• **Provided data**
○ ○ ○ ○
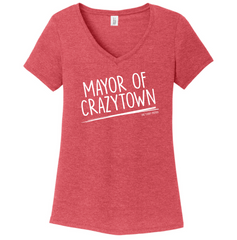 Mayor Of Crazytown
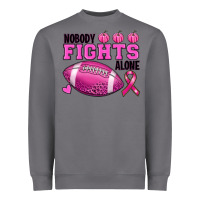 Storm nobody fights alone Heavyweight Sweatshirt - RanaPortraitStore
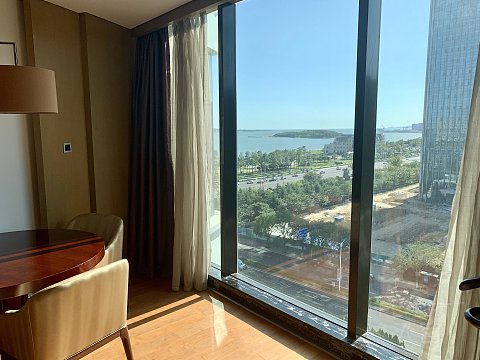 热情厚道，HH优秀--为黄岛泰成喜来登正名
○ ○ ○ ○
• **Exercise instructions**
Please make an exact copy of the whole listing and leave out its pictures.

• **Answer to this problem**
 Mayor Of Crazytown
 Storm nobody fights alone Heavyweight Sweatshirt - RanaPortraitStore
 热情厚道，HH优秀--为黄岛泰成喜来登正名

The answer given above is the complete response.